Do you have a horse that seems to regularly trip or stumble, either in the front or hind end?
The footing is good. The path is clear. There were no sudden changes to your direction.
The horse is sound and you know the tack fits well. His feet are trimmed. There are no other underlying physical issues that you are aware of.
Yet your horse stumbles here, trips there, and as time goes on, you learn to just quietly ignore it. After all, the horse is trying his best and there's nothing you can do, right?
If you listen carefully, you might even discover that you are more a part of the equation than you give yourself credit for.
It might be something you are doing. Or it might be something you are NOT doing!
Be an active rider so you can help your horse through these moments. Your strong problem-solving skills are just the ticket to helping your horse develop better balance during riding.
Reasons for Stumbling
The root problem might be one, or a combination of these ideas.
1. Horse is heavy on the forehand.
We know the tell-tale signs for that. The horse is heavy on the bit. The front leg strides are bigger than the hind leg strides. The horse might even feel like he is on a downward slope, leaning in to the ground rather than up away from it.
2. Horse's outline is too long and low.
This might come hand-in-hand with #1. Often, we feel we are being "nice" to let a horse stretch his neck up and/or down, because we are taught that a longer rein leads to a softer, lighter contact that is kind. What we aren't always told is that the horse might have to brace his back and tense his muscles to hold a longer body position, especially in order to deal with the weight of a rider in the saddle.
Add to the "strung-out" outline - a hind end that is no longer able to support the weight (because the hind legs have stretched beyond the horse's croup, thereby not allowing for adequate weight carriage) - and there you have it folks - the stumble!
3. Horse speeds up faster and faster in the same gait.
A horse that tends to move his legs faster and faster when you ask for more impulsion or a gait change is a good candidate for a stumble. Again, his weight (and yours) falls forward and the front legs have to carry the majority of the impact.
4. Inadequate engagement.
The opposite can also be true. The horse that "sucks back" is bracing with his front end, effectively pushing backward or lacking enough energy to maintain balance while progressing forward in space. This active tension can be a cause for stumbling.
5. Horse needs extra help on one side.
A horse with a weak side (for example, a weak left stifle) could have trouble bringing that hind leg up with the same amount of strength and fluidity as the rest of the body. After the true source of the problem is identified and addressed (i.e. call a veterinarian!), you can support that side with more active riding aimed at building up the muscles around the joint.

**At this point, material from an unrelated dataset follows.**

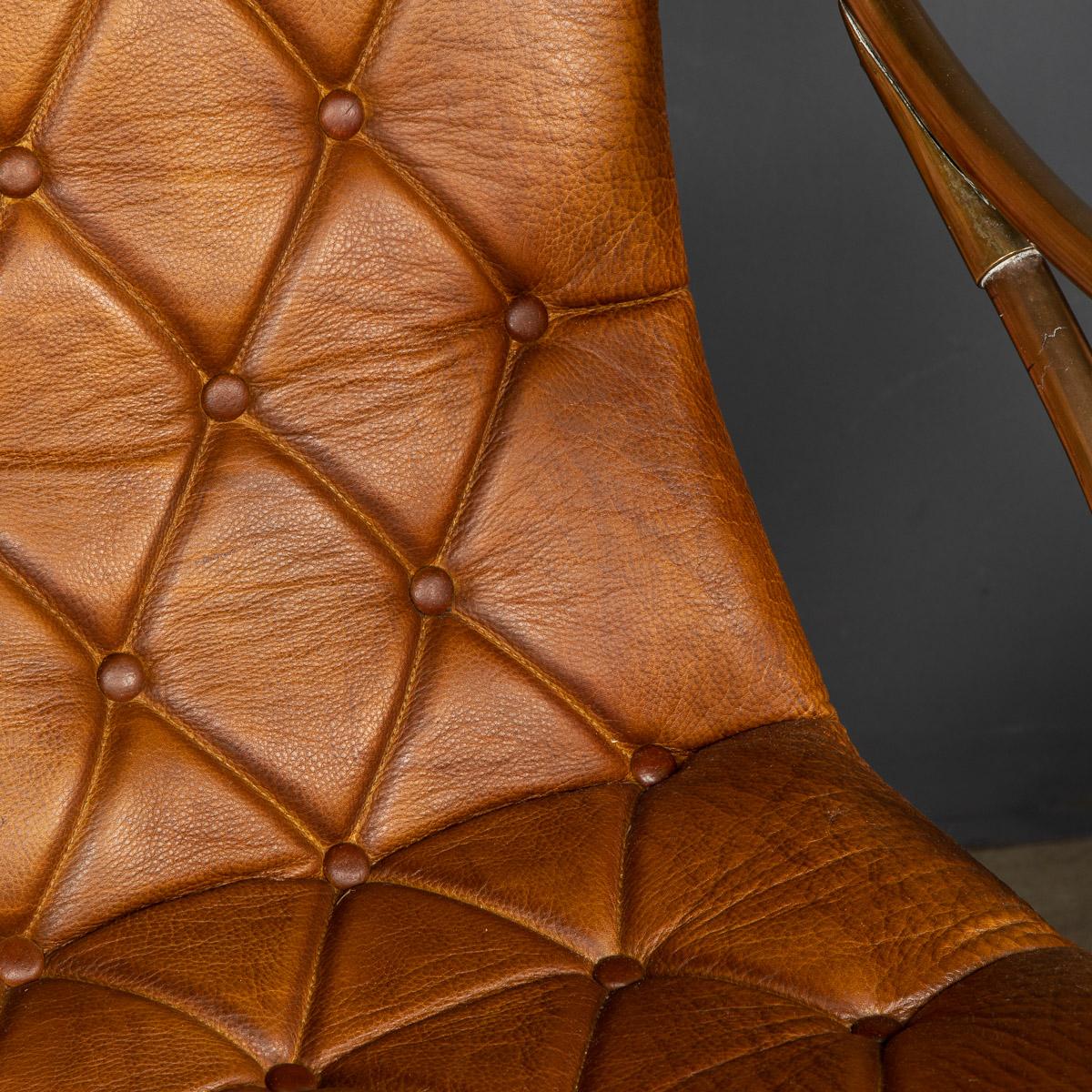 Paire de chaises à bascule en cuir de fabrication britannique du 20ème siècle, vers 1950 en vente 3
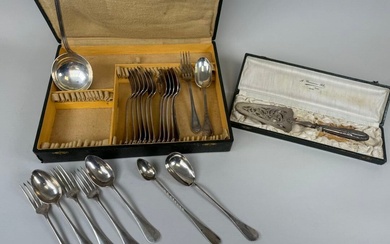 Partie de ménagère en métal argenté comprenant sept fourchettes de table (L. 21,5 cm), six...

6. Horse is overly crooked.
Some horses are particularly stiff to one side. This might be influenced by a natural cause (born that way), or from previous incorrect riding. In either case, much attention needs to be given to at least straightening the horse (even if it is too difficult to get a true bend) while he is moving.
7. You shift your weight to the horse's forehand.
Riders often lean forward in movement. As bi-peds, it is what we are naturally programmed to do! However, "listen" carefully to your horse when he stumbles. If he tends to trip when you lean forward, you know the reason why. In this case, you will need to hold your weight back, even if you want to ride in two-point or go over a jump. You can hold your weight and change your posture - just be aware!
4 Steps to Prevent Stumbling
1. Leg on for impulsion.
Even the fast-footed horse can be disengaged and needs to bring his hind end underneath him. So put your legs on and be ready for more movement! Lighten the contact as you apply the legs.
2. Commit your body to the energy surge.
The horse should lurch forward a bit. This is good. Go with him. Be sure you don't stop the forward inclination by pulling back on the bit.
3. Straighten the horse (if needed).
Use the energy surge to straighten the horse, left or right as needed. Just guide the energy into straightness, don't stifle it.
This is key. Without the half-halt immediately after the energy surge, you tell the horse to run away. You don't want your horse to flee your aids, so within a moment after your legs and straightness, you half-halt should come on (brace your seat, back, arms momentarily) to control the energy you just created.
The idea is to re-balance that energy surge to the hind end rather than let it run out the front end. Think half-halts and use them as often as necessary to help your horse maintain balance. Constantly work on that re-balance - you may need to do the whole thing three, four, five times in a row, in rhythm with the horse's strides, to help the horse understand he needs to sift his weight backward.
This might be very difficult for a horse (and rider) that is not used to working from the hind end. But it is essential, first, to prevent the stumble, and second, to keep the horse sound long-term. Good luck!